- Extreme sea levels have increased over the last 150 years, but improved flood defences, advances in flood forecasting and emergency planning means there has generally not been a corresponding increase in coastal flooding.
- As Arctic sea-ice declines, more voyages to explore the economic viability of trans-arctic shipping routes are taking place.
Medium evidence, medium agreement
The impacts on assets from extreme weather (especially flood events) are being recorded more comprehensively. However, detailed monitoring and recording of the performance, deterioration and thresholds of failure of infrastructure is not being carried out in a systematic manner, making it difficult to determine vulnerability to key forcing mechanisms.
- Under a high-emissions scenario, the trans-Arctic shipping season could reach four to eight months by 2100; however, inter-annual variability will remain a significant factor in route availability.

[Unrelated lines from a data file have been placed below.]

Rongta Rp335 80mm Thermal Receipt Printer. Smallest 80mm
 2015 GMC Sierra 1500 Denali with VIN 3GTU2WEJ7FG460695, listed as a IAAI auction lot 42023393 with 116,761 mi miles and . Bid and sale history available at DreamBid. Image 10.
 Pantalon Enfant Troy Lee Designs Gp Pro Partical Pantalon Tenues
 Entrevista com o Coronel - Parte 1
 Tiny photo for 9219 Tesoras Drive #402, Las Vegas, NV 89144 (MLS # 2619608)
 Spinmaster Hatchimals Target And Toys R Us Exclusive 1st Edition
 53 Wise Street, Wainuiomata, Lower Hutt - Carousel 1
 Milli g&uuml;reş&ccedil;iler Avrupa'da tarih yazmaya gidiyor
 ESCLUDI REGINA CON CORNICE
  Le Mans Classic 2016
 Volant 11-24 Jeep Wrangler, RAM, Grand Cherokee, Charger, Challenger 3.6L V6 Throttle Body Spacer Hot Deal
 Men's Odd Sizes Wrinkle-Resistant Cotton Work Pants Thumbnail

- The combined threat of flooding from sea-level rise and storms makes transport and energy infrastructure at the coast particularly at risk.
- With the implementation of Shoreline Management Plans, an estimated 2700 properties will still be lost to coastal erosion in England over the next 50 years. Without implementation the number rises to 28,000 properties.
Low evidence, medium agreement
Confidence with regards to assessments of potential future impacts to transport and infrastructure is intrinsically linked to the robustness of future climate change projections. Increasingly sophisticated models are being used to consider the response of coastal systems, but the complexity of these systems means the range of possible outcomes is high.
- Establishing how climate change affects infrastructure performance, deterioration, and threshold failure, supported by long term monitoring.
- Improving confidence regarding how climate change will impact on weather parameters, notably wind and wave regimes, that determine infrastructure risk profiles.
- Improving understanding of correlated flood risks to transport and infrastructure (such as events affecting large sections of the coast, clustered in time, including from both coastal and riverine sources).